Hybrid Cloud Storage Solutions for AWS Compared: Storage Gateway vs Cloud Volumes ONTAP

Hybrid cloud storage solutions offer a number of benefits—mainly that the data can be used across an existing on-prem system while taking advantage of cloud storage’s flexibility, scale, and attractive pricing. For enterprises, this makes hybrid cloud management an extremely useful model to adopt.

However, there are still challenges with hybrid cloud storage solutions. These challenges can include an increased amount of operational complexity, difficulties in seamlessly managing and protecting applications and data spread across the cloud and data center, and increased overhead costs.

To help hybrid storage users solve these concerns, both AWS and NetApp offer hybrid cloud storage solutions. This post will take a side-by-side look at two options for hybrid cloud deployment: AWS Storage Gateway and NetApp Cloud Volumes ONTAP.

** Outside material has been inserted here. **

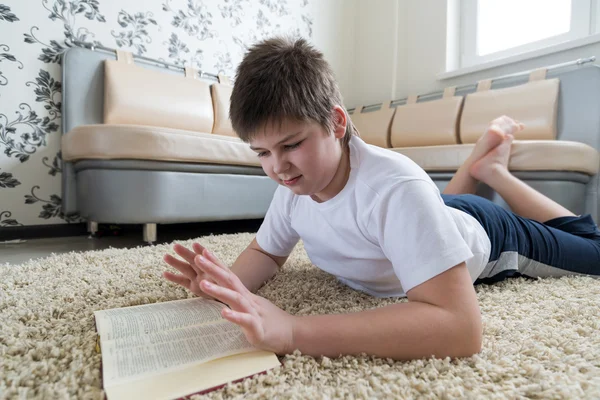 Chłopiec czytając książkę leżąc na dywanie w pokoju — Zdjęcie stockowe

Storage Gateway Vs. Cloud Volumes ONTAP

Storage Gateway is a hybrid solution that connects on-prem storage and applications directly to Amazon S3 cloud storage resources. It does this by acting as an intermediary that faces all your on-prem apps as NFS, CIFS /SMB, or iSCSI volumes but that in the background seamlessly stores everything in S3, all while enabling a local cache which uses your on-prem storage for fast read and write operations. The Amazon solution connects on-prem storage systems to the AWS cloud, giving your on-prem system access to the entire suite of AWS cloud services.

Cloud Volumes ONTAP is a data management platform for hybrid and multicloud architectures, providing a comprehensive set of data management capabilities.

While the platform on Cloud Volumes ONTAP serves many more use cases and offers more benefits, the common ground that both of these services cover includes data multi-protocol access, and backups and recovery capabilities for cloud-native and hybrid cloud storage deployments. You can also deploy both solutions entirely in the cloud or in hybrid designs, though it should be pointed out Storage Gateway’s main use case is for hybridity.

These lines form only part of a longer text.